#### How to complete this task:
From the line containing "1st image of 909 San Carlos Dr" to the last line of the listing, transcribe exactly and add nothing else; keep both ends and omit pictures.

#### Material provided:
::::::
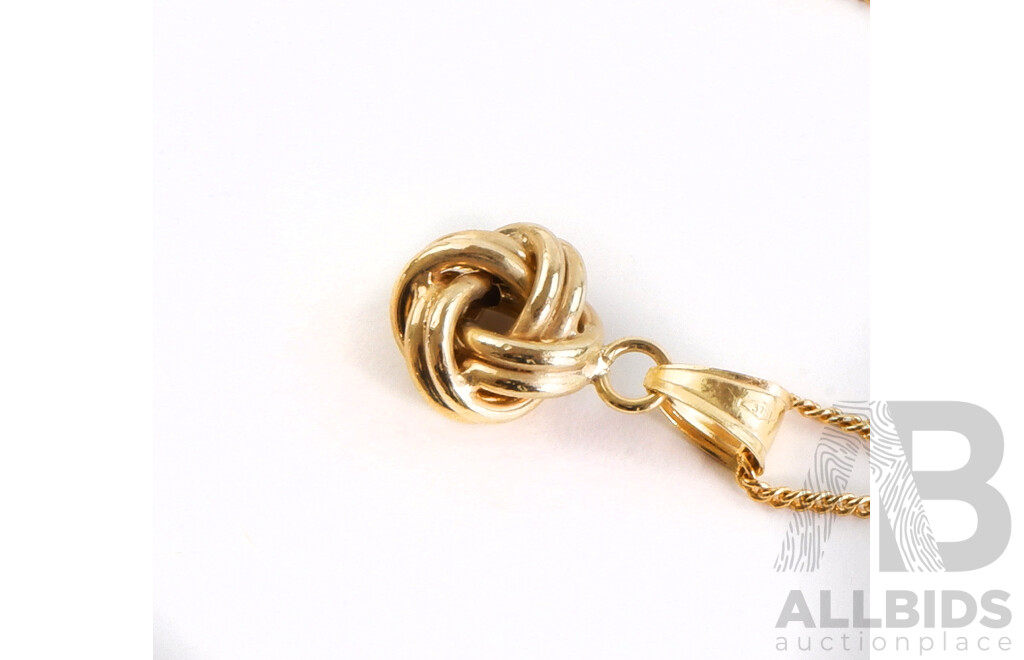 9ct Yellow Gold Twisted Ball Pendant on Display Chain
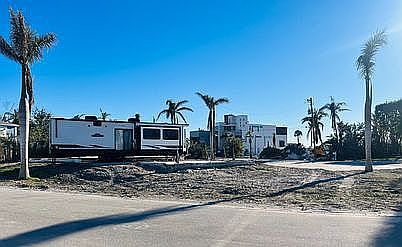 1st image of 909 San Carlos Dr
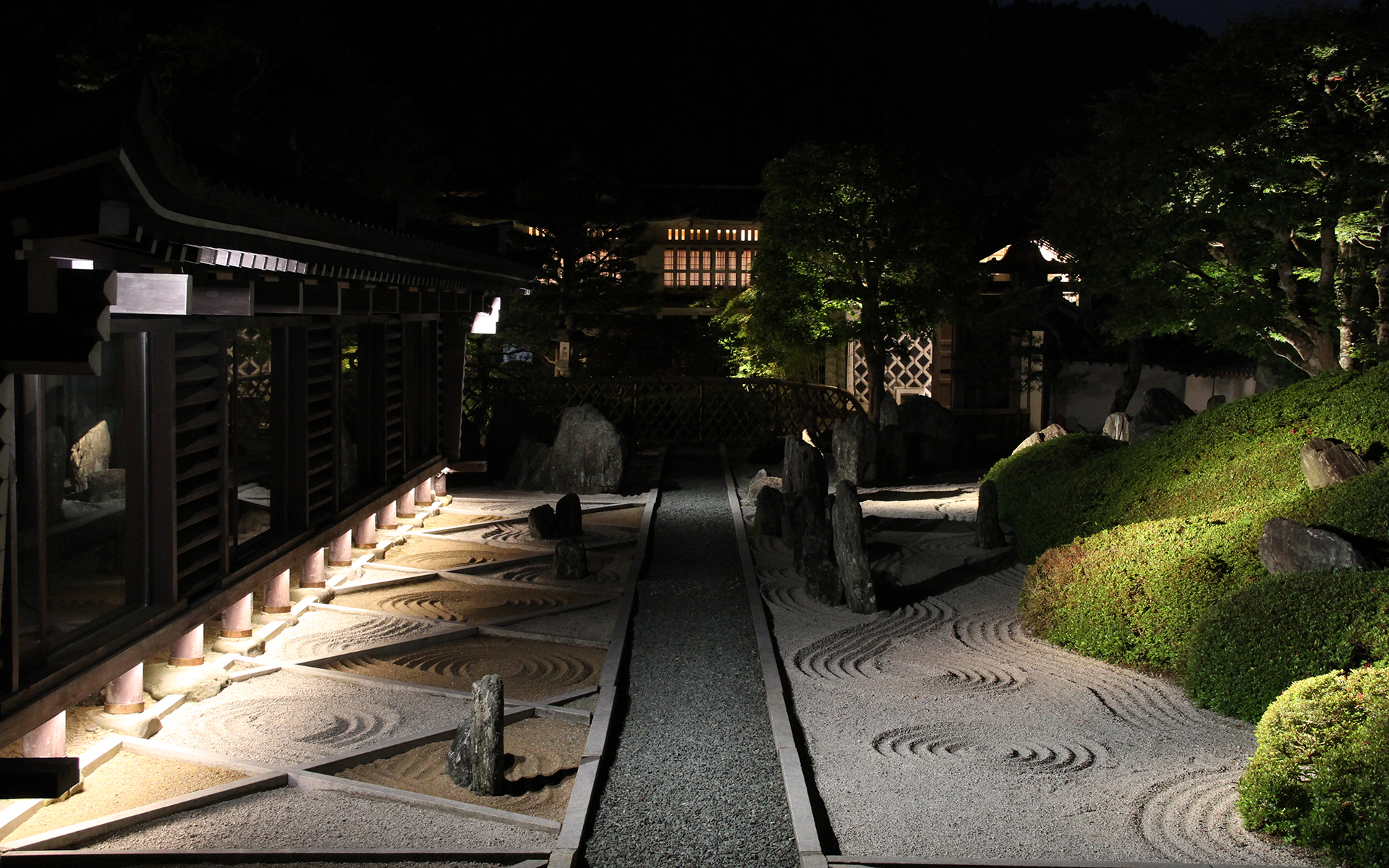 高野山温泉 福智院 — 和歌山・高野山 · 重森三玲作庭の枯山水庭園を夜間ライトアップで望む宿坊の景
::::::
#### Answer for the task:
 1st image of 909 San Carlos Dr
 高野山温泉 福智院 — 和歌山・高野山 · 重森三玲作庭の枯山水庭園を夜間ライトアップで望む宿坊の景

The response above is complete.